Another station that may feature in your MMI is one which tests your ability to give instructions. You might be asked to give directions using a map, or to explain how to tie shoelaces without using your hands. These stations are testing your communication skills, your ability to stay calm under pressure and your ability to re-word your instructions. This page will detail our top tips on approaching these stations.

Break the task down into smaller steps

These stations are often testing your ability to break something down into a series of smaller steps to complete the task. Try to verbalise a clear, logical thought process. For example, if your task is to give directions, locate your position on the map and the destination, and work out a route.

Getting from Door A to Door B, for example, will involve several turns through different rooms and opening doors – so try to break these steps down in your head to guide your instructions.

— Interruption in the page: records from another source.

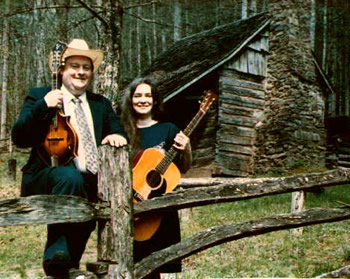 Photo of Bill and Wilma Millsaps at the Stewart Cabin on Big Santeetlah.  Wilma's great (4X) uncle, Arch Stewart, built this cabin in the 1800s. Photograph by Janet Ward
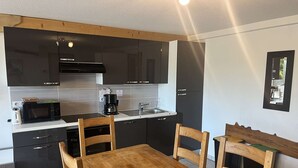 Kompakti keittiö, jossa on modernit kodinkoneet, ruokapöytä ja tuolit.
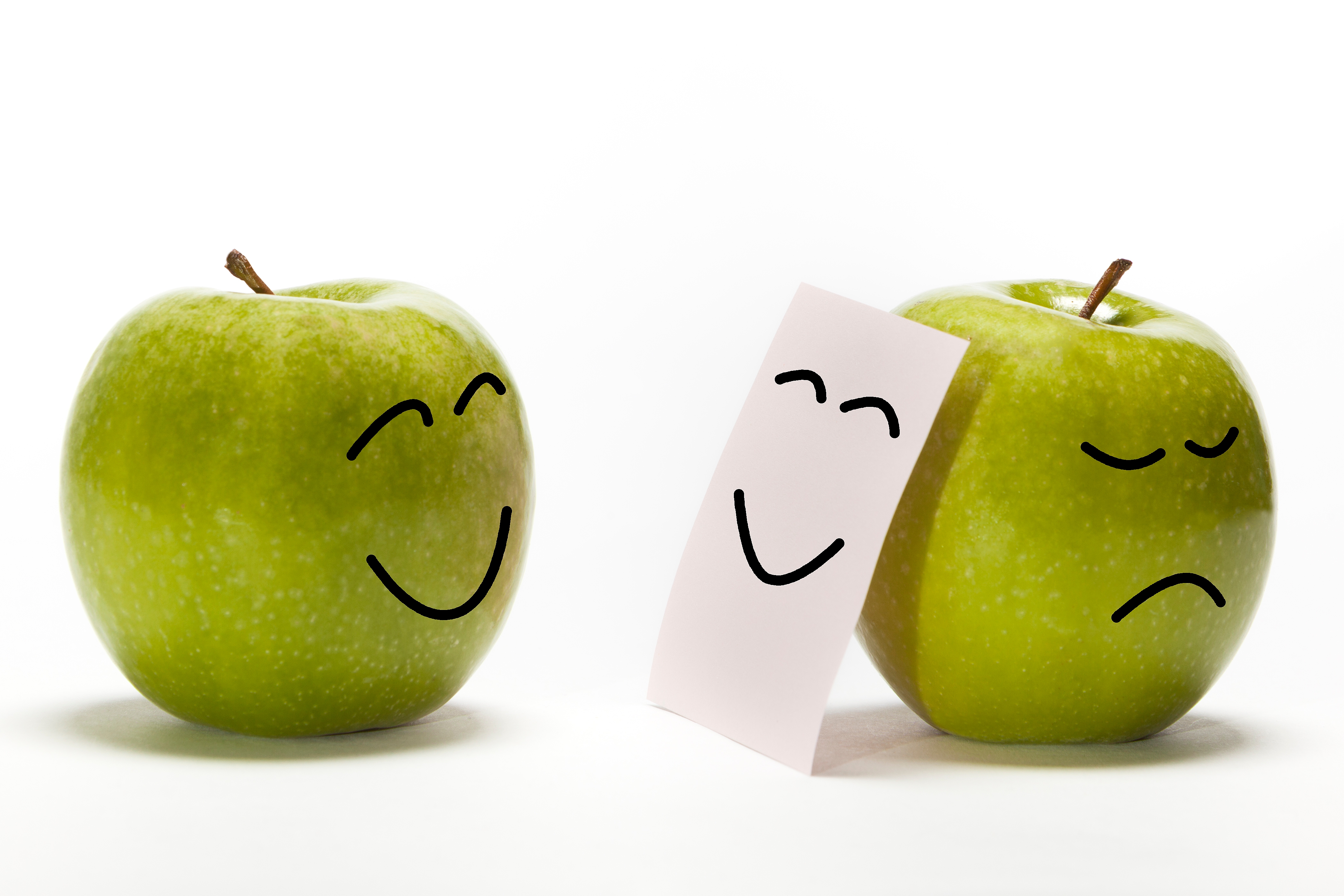 Two apples with faces; one happy, one sad. The sad apple hides behind a paper with a smiling face drawn on it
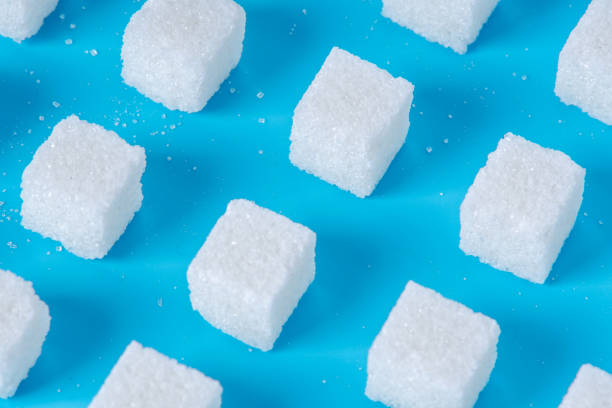 istock Pattern of sugar refined cubes with shadows on a blue background. Concept of harmful ingredient for confectionery 1094331442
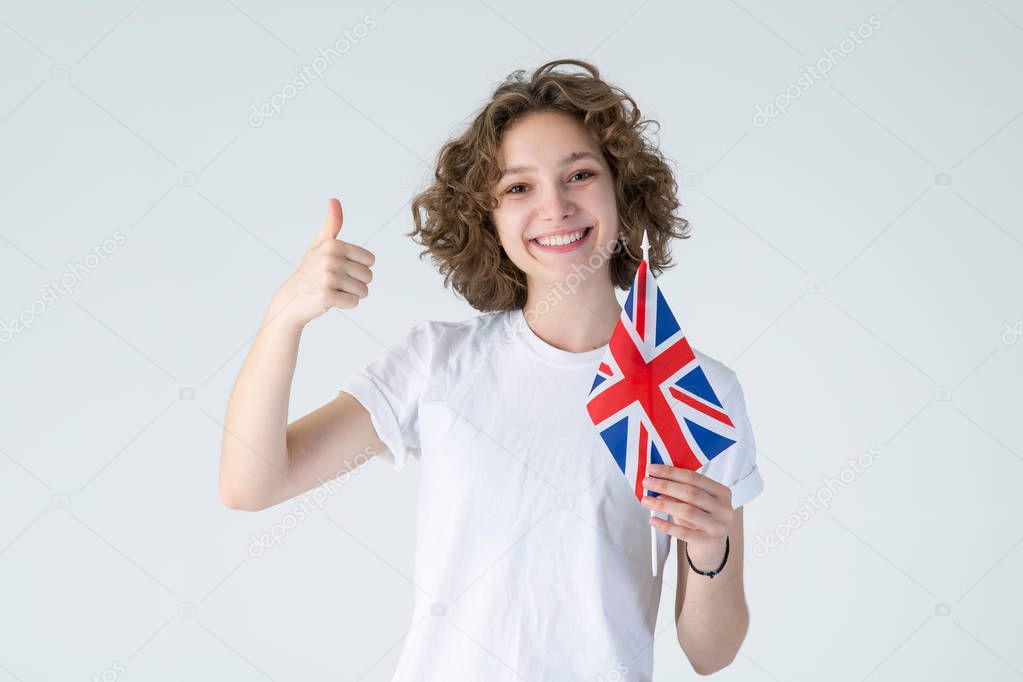 Like it! Curly young woman with UK flag showing thumb up, standing on white background. Learning English is cool.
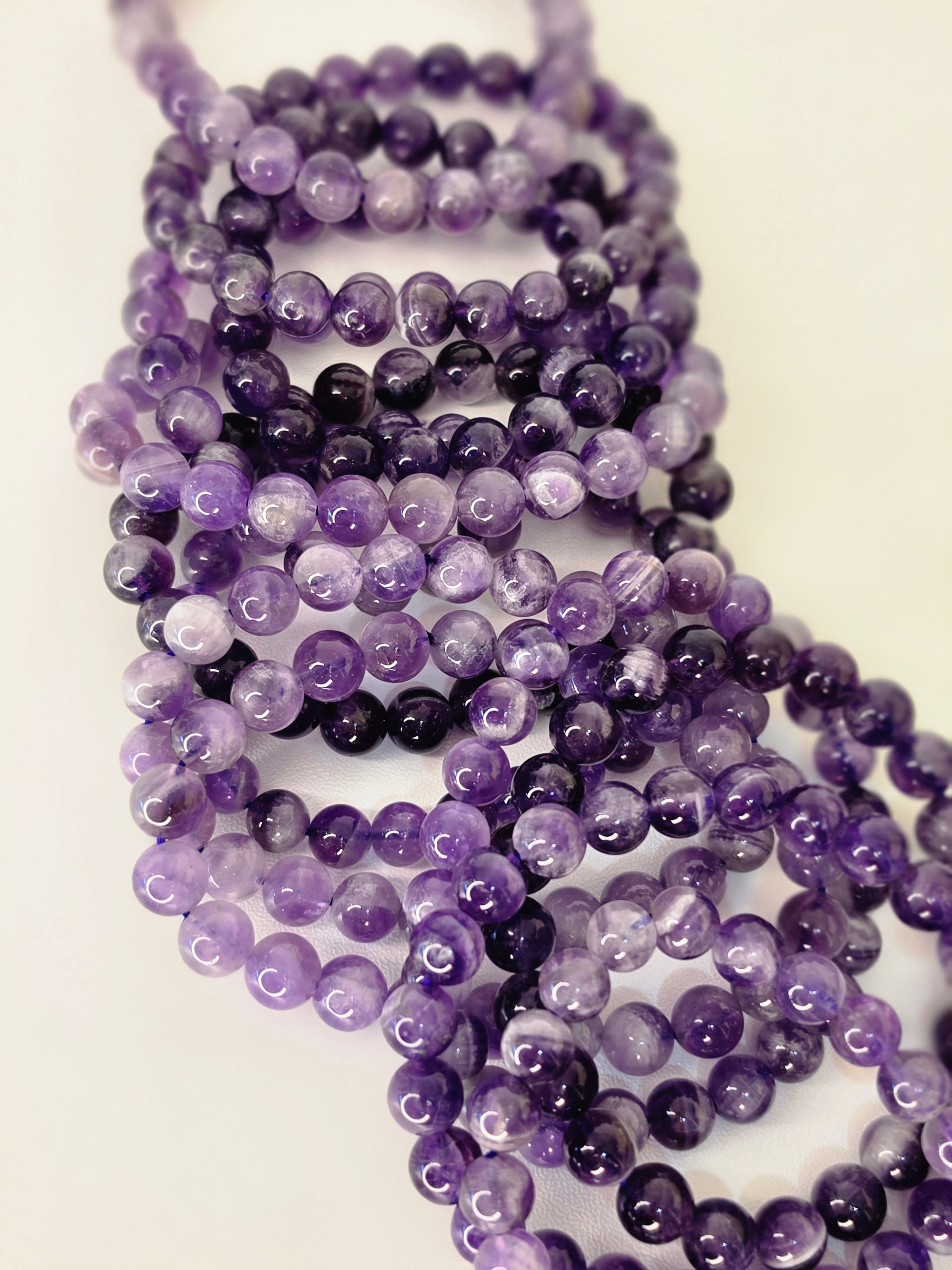 Luxury Dream Amethyst Crystal Bracelet by Stone and Bloom featuring soft purple natural banding
Dream Amethyst Bracelet
Crystal Bracelet
Chevron Amethyst
Luxury Crystal Jewellery
Stone and Bloom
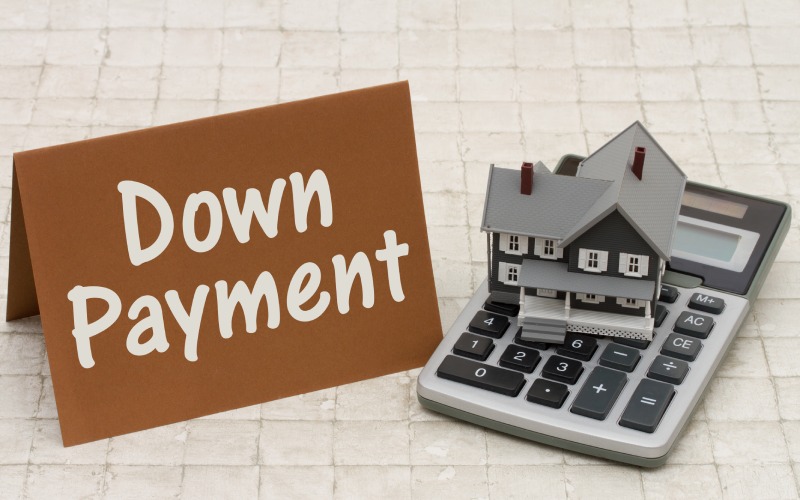 home mortgage down payment-a-gray-house brown card and calcula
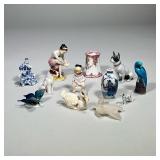 (12pc) Misc. Porcelain Items | Collection includes a duck, 3 dogs, butterfly, blue bird, 3 small vas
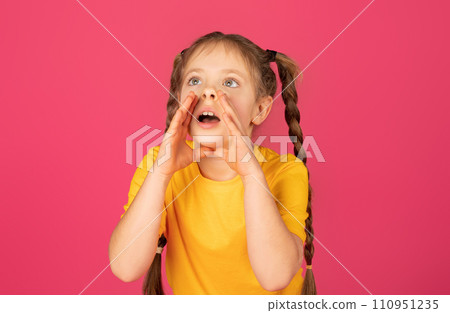 Cute little girl keeping hands near mouth and shouting at copy space 110951235
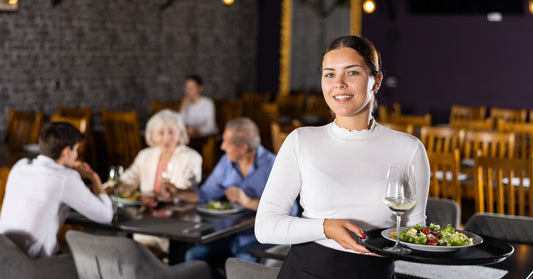 Server at a restaurant standing with serving tray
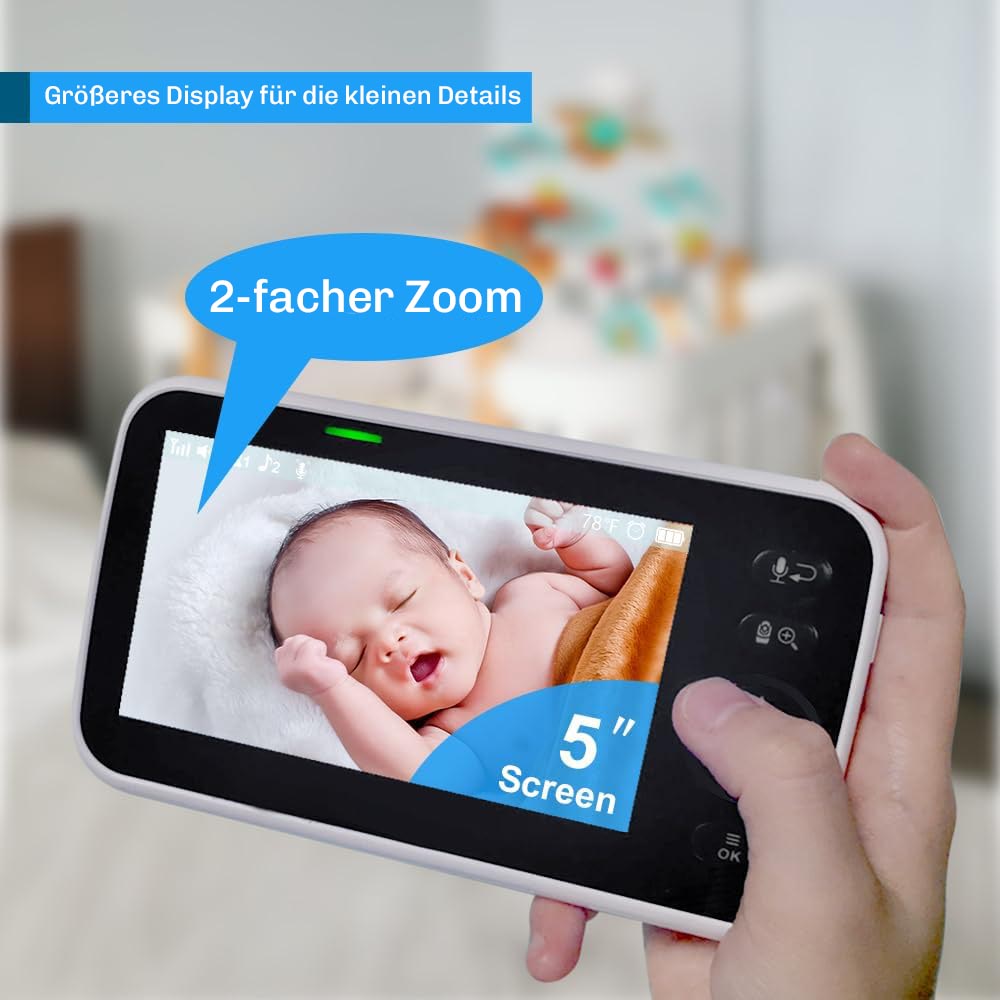 Hand haelt den Hesler-Monitor mit 5-Zoll-Bildschirm und zweifachem Zoom, auf dem ein schlafendes Baby zu sehen ist.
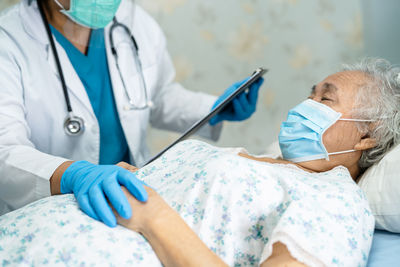 Midsection of doctor examining senior woman in hospital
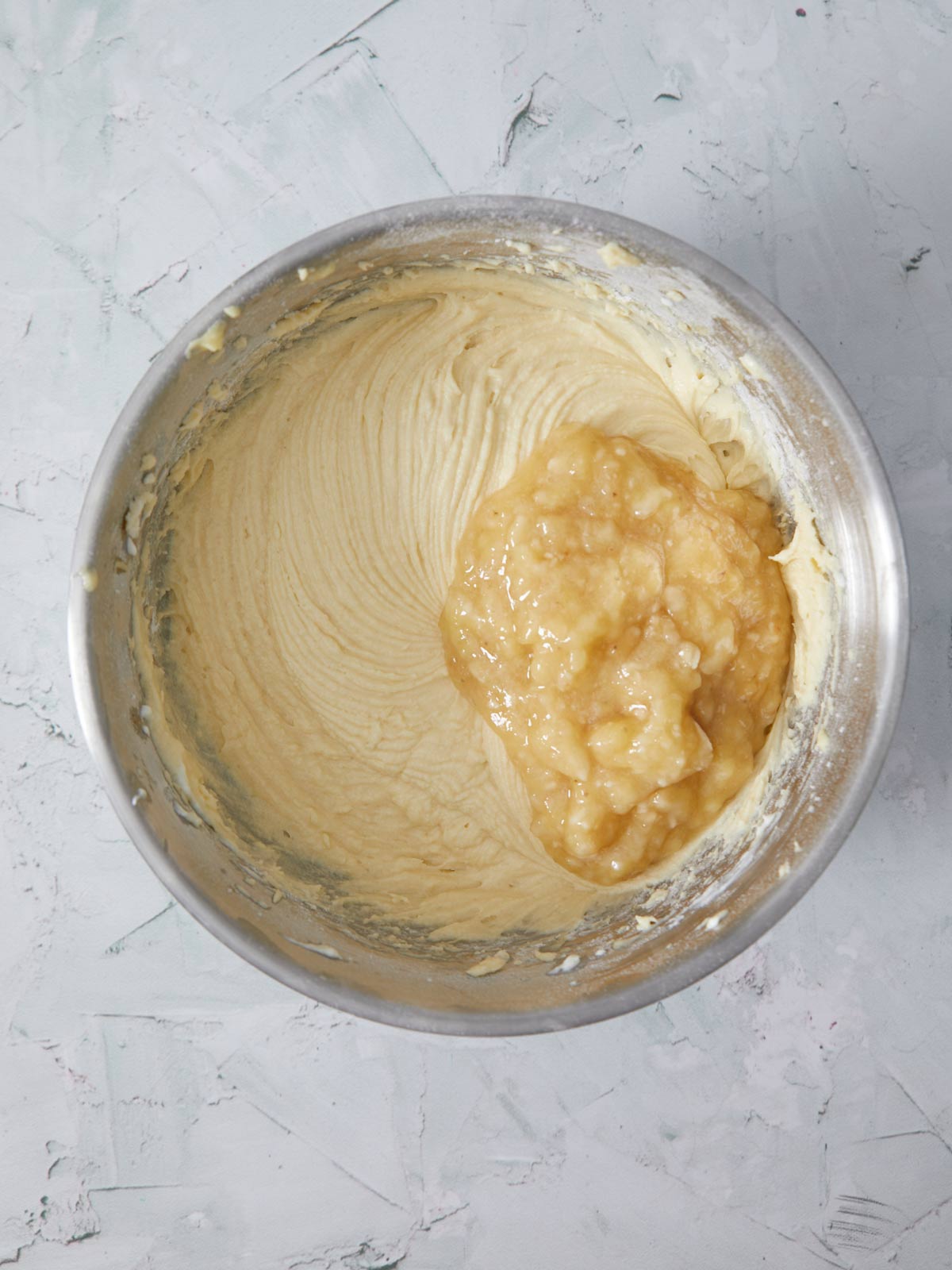Masked bananas and lemon juice added to the mixing bowl.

If you separate each instruction according to these steps (for example, ‘firstly, turn left onto the corridor, then turn right’), the interviewer or actor is far more likely to be able to follow them. Using clear transitions, such as ‘next’ and ‘then’, will not only make your instructions clear to your interviewer but will also help you to focus on each step.

Be as specific as possible with your word choice

Most of these stations will focus on your ability to explain actions and processes, so it’s important to be as specific as possible with your word choice.

You may be asked to give instructions to build a certain shape with coloured blocks, or you might be asked to explain to somebody how to tie shoelaces – so it’s crucial you pay attention to your verbal communication skills! With these stations, the trick is to begin by stating what the goal of the task is (‘our goal is to tie these shoelaces and I’m going to give you instructions’) and then check that the actor or interviewer is ready.

The person following your instructions may deliberately misinterpret what you say to test your ability to re-word your instructions. For example, they may try to tie the wrong shoelace, or put a red block in the wrong place. In these situations, it’s best to use specific, instructive words – for example, ‘use the shoelace on the left’ or ‘using your right hand, stack the red block on top of the yellow block’.

The key here is to be ready to re-word what you say to suit the actor’s behaviour. If they continually place the blocks in the wrong places, try specifying the colour of the block to move and the colour of the block to place it by, as well as which side to place it down (ie, ‘place the block on its smooth side’).

Keep calm!

As well as testing your communication skills, don’t forget that these stations are also testing your resilience, patience and ability to stay calm and persevere under pressure. It will be quite frustrating if, as described above, the actor continually misinterprets your instructions – but remember to stay calm!

This kind of station is assessing your approach to the task, not the outcome of the task, so don’t worry if you don’t manage to guide the actor successfully. As long as you have attempted to instruct them to the best of your ability, stayed calm and reworded your instructions where appropriate, you’ll be marked well.